## written by : Yoel Ross
## email: yoel.ross@gmail.com

## useful numpy functions:
 * where
 * take
 * argmin
 * logical_*
 * transpose
 * vstack, hstack, dstack
 * np.newaxis
 
## working examples:
 * mapping mapping pixel values, three possible implementations
 * iou calculation, three possible methods

In [1]:
%matplotlib widget
from matplotlib import pyplot as plt
import numpy as np
import time
from tqdm import tqdm
import cv2
from ipywidgets import interact, IntSlider
import os

## functions to know

In [None]:
# return all indices of values that match a value
x = np.eye(3)
np.where(x == 1)

In [None]:
# construct a new array from an existing one using indices
x = np.eye(5)
np.take(x, [0, 1], axis=0) # take rows
np.take(x, [0, 1], axis=1) # take columns

In [None]:
# get the index of the minimum value
x = np.linspace(0, np.pi)
print(x[np.argmin(x)], x[np.argmax(x)])

In [None]:
# can be applied across an axis as well!
x = np.eye(5)
print(np.argmax(x, axis=0))

## List vs. Vector operations
Applying a linear function y = ax + b to a one dimensional array or list:

In [2]:
list_size = 100000
py_list = [i for i in range(list_size)]
np_vect = np.array(py_list)

In [3]:
def apply_linear_func_py(py_list, a, b):
    return [a*i+b for i in py_list]

def apply_linear_func_np(vec, a ,b):
    return a*vec + b

In [4]:
%timeit apply_linear_func_py(py_list, 4, 6)

17.8 ms ± 6.14 ms per loop (mean ± std. dev. of 7 runs, 100 loops each)


In [5]:
%timeit apply_linear_func_np(np_vect, 4, 6)

206 µs ± 24.4 µs per loop (mean ± std. dev. of 7 runs, 1000 loops each)

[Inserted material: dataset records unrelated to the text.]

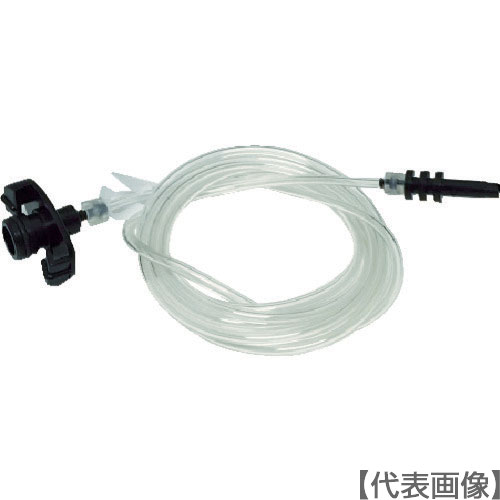 ロックタイト　シリンジエアーアダプター１０ｍｌ（２ｐｃｓ）（88657）836-6455【ヘンケルジャパン（株）ＡＣＭ事業部】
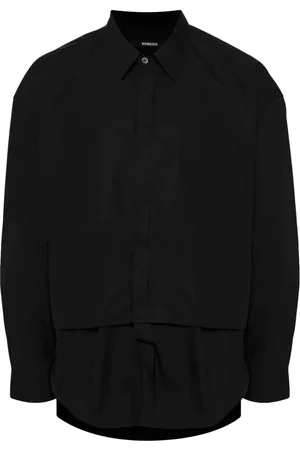 SONGZIO Hemd im Layering-Look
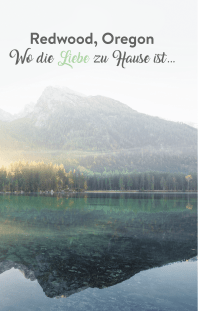 Redwood Dreams – Es beginnt mit einem Knistern Zusatzmaterial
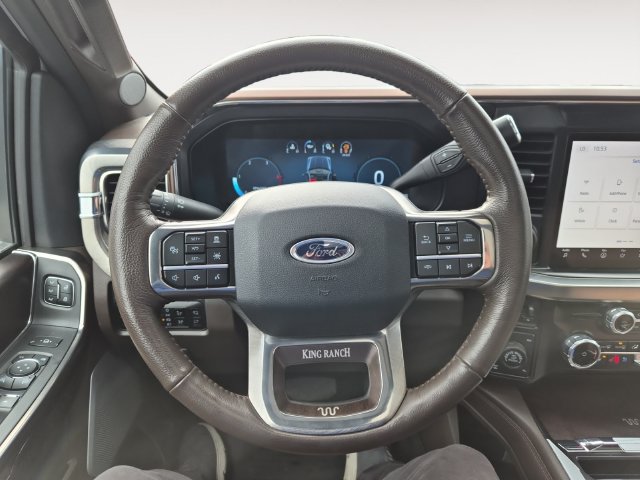 Certified 2025 Ford F350 King Ranch w/ Tremor Off-Road Package AWD/4WD image 13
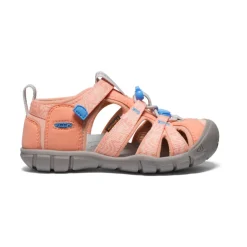 Cheap Seacamp II CNX Pour Petit Enfants | Papaya Punch/Marina Enfant Sandales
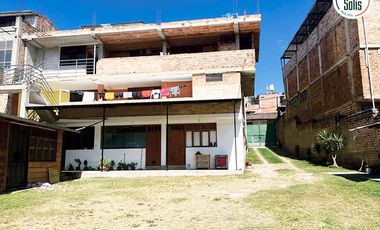 TERRENO CON casa en Venta Jr. GARCILAZO DE LA VEGA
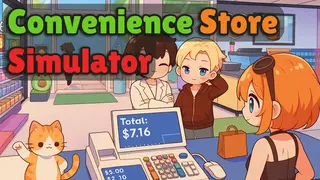 Convenience Store Simulator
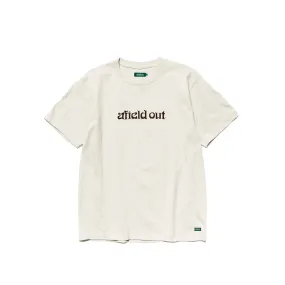 Afield Out Mens Wordmark SS Tee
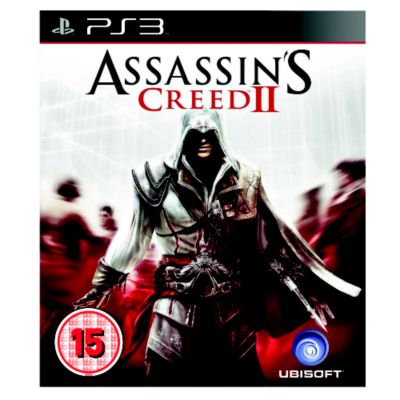 Assassin's Creed 2 for PlayStation 3 by Ubisoft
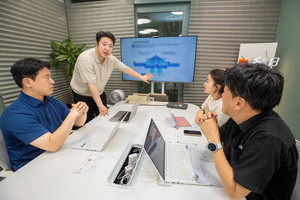 "기술 협력으로 시너지"…KT, 스타트업 손잡는다 - 뉴스 썸네일 이미지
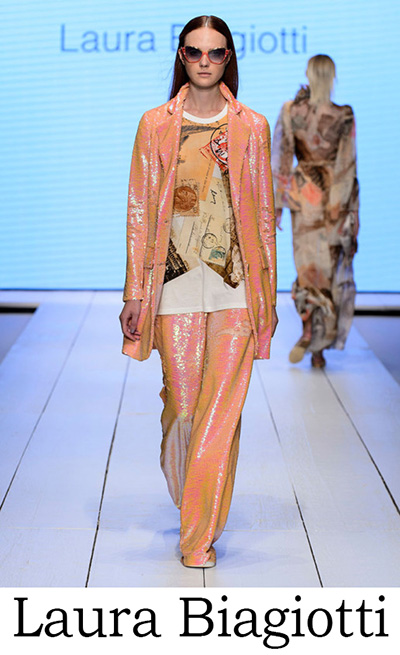 Clothing Laura Biagiotti Spring Summer 2018 Women’s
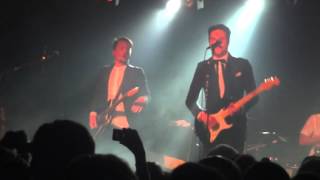 Royal Republic - People Say That Im Over The Top @ Debaser Strand, Stockholm - 2016-05-04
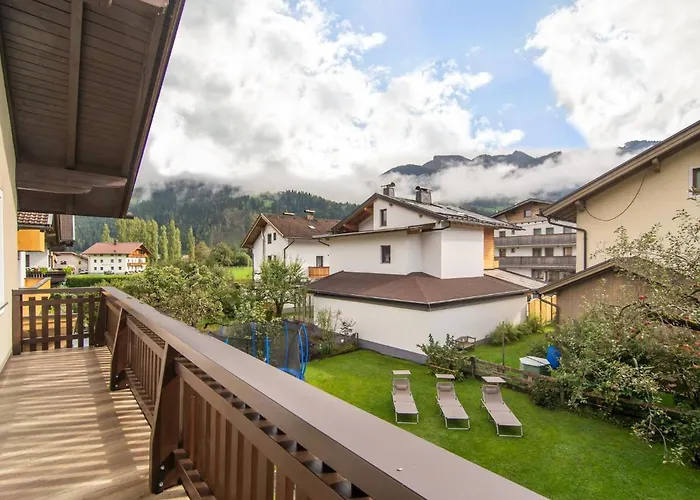 Дом отдыха Arenablick *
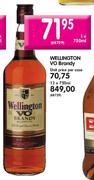 Wellington VO Brandy-12 x 750ml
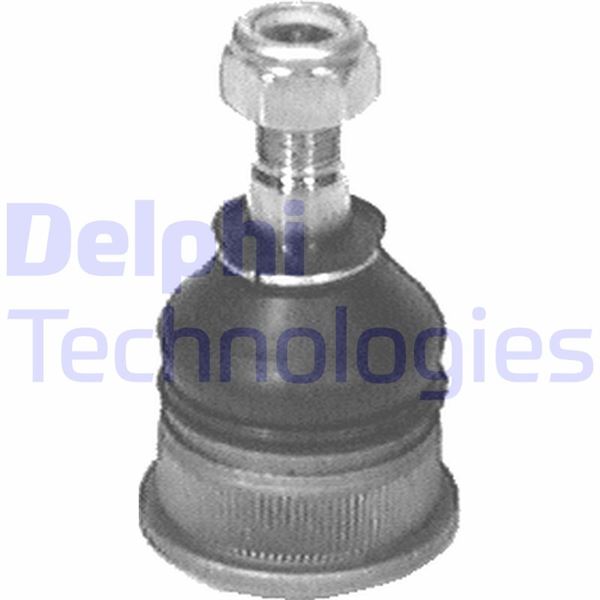 DELPHI TC27 Tekerlek & Aks Parçaları Taşıyıcı Mafsal - JENSEN HEALEY uyumlu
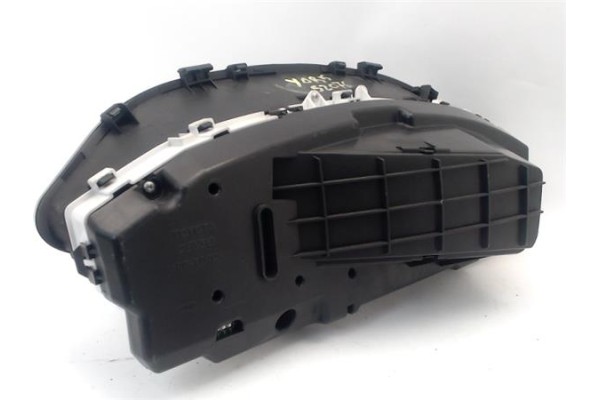 Recambio de cuadro completo para toyota yaris (ksp9/scp9/nlp9) 1.0 vvt-i referencia OEM IAM 83800-0DJ00  
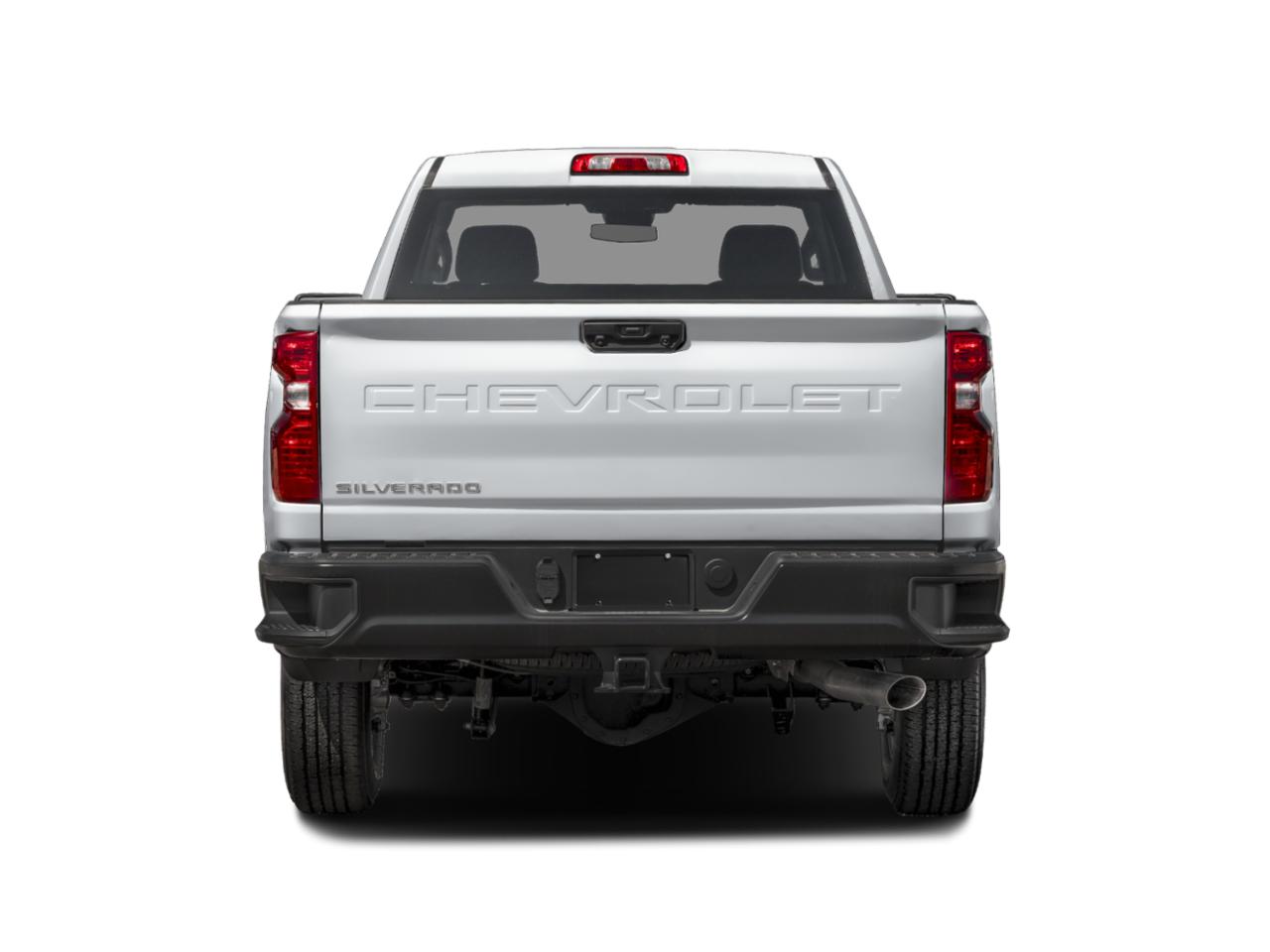 2026 Chevrolet Silverado 2500 HD Vehicle Photo in Katy, TX 77450
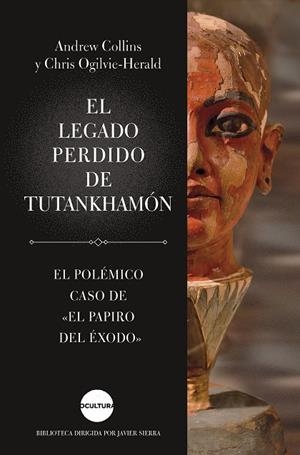 EL LEGADO PERDIDO DE TUTANKHAMÓN | 9788419164179 | COLLINS, ANDREW/OGILVIE-HERALD, CHRIS | Llibres Parcir | Librería Parcir | Librería online de Manresa | Comprar libros en catalán y castellano online
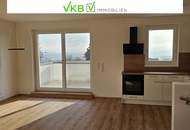 Helle Etagenwohnung mit Alpenblick in Top-Lage – Hitzing/Leonding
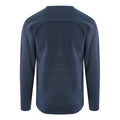 Marineblau - Back - PRO RTX Herren Pro Acryl V-Ausschnitt Sweater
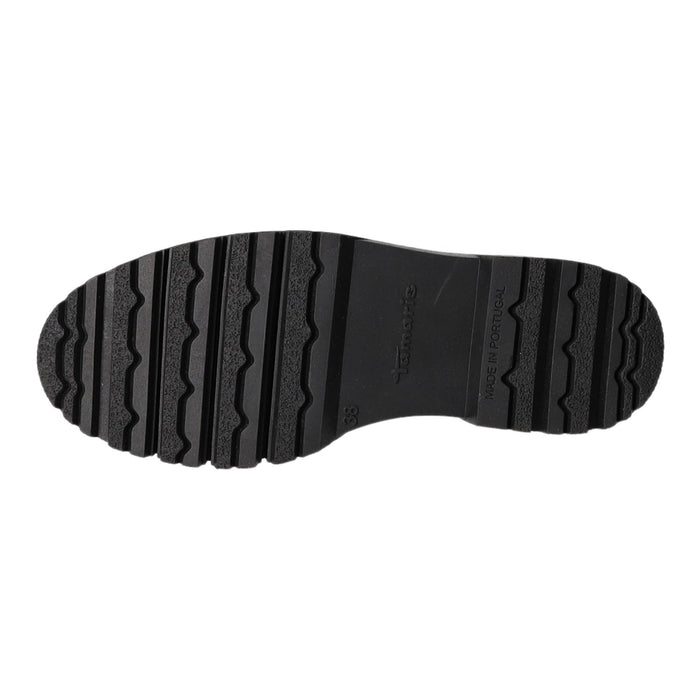 Tamaris Schlupf-/Reißverschlußstiefelette Warmfutter bis 35mm Absatz (casual)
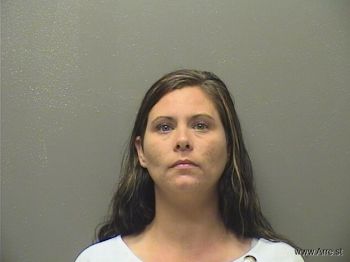 Amber Nicole Wilson Mugshot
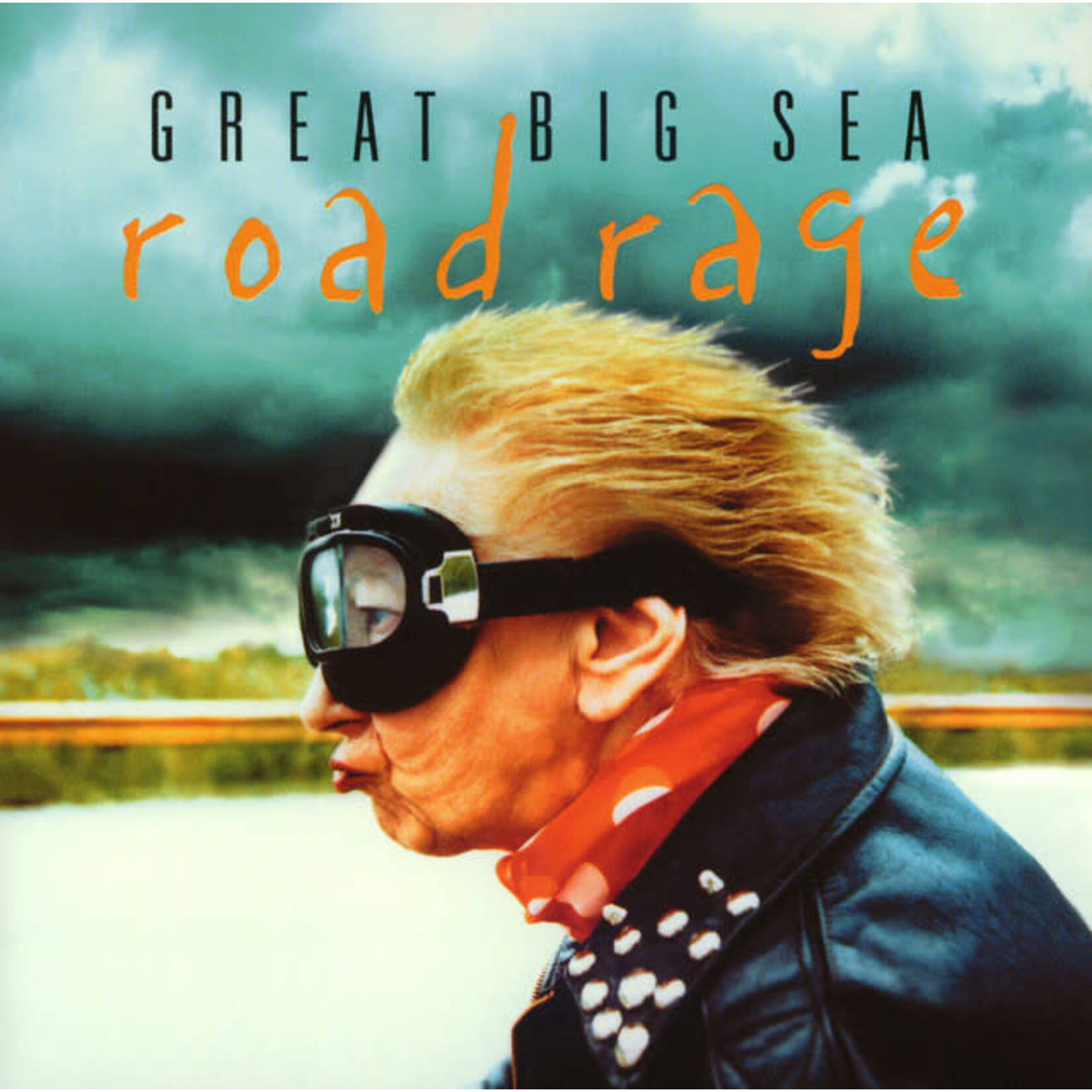 Great Big Sea - Road Rage [USED CD]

How does this varry as the list gets larger:

In [6]:
python_list_time = []
numpy_vect_time = []
convrsion_time = []
for size in tqdm(range(100, 100000, 1000)):
    # create the list and vector
    py_list = [i for i in range(size)]
    np_vect = np.array(py_list)
    
    # apply function to python list
    t0 = time.time()
    apply_linear_func_py(py_list, 4, 6)
    t1 = time.time()
    python_list_time.append(t1-t0)
    
    # apply function to numpy vector
    t0 = time.time()
    apply_linear_func_np(np_vect, 4, 6)
    t1 = time.time()
    numpy_vect_time.append(t1-t0)
    
    # time conversion from list to ndarray
    t0 = time.time()
    temp_array = np.array(py_list)
    t1 = time.time()
    convrsion_time.append(t1-t0)
    

100%|██████████| 100/100 [00:05<00:00,  9.03it/s]


In [7]:
plt.figure(1)
plt.plot(python_list_time, c='b', label="python list")
plt.plot(numpy_vect_time, c='r', label="numpy array")
plt.legend()
plt.xlabel("list/vector size")
plt.ylabel("time, ms")

Canvas(toolbar=Toolbar(toolitems=[('Home', 'Reset original view', 'home', 'home'), ('Back', 'Back to previous …

Text(0, 0.5, 'time, ms')

How about elementwise binary operations?

In [None]:
# setup some lists
l1 = list(range(1000))
l2 = list(range(1000))
%timeit [a+b for (a,b) in zip(l1, l2)]

In [None]:
a1 = np.array(l1)
a2 = np.array(l2)
%timeit a1+a2

## Converting lists to arrays
Converting python data structures to numpy is rather costly. Converting back and forth should be avoided. If you are doing some heavy lifting, try and use numpy arrays only.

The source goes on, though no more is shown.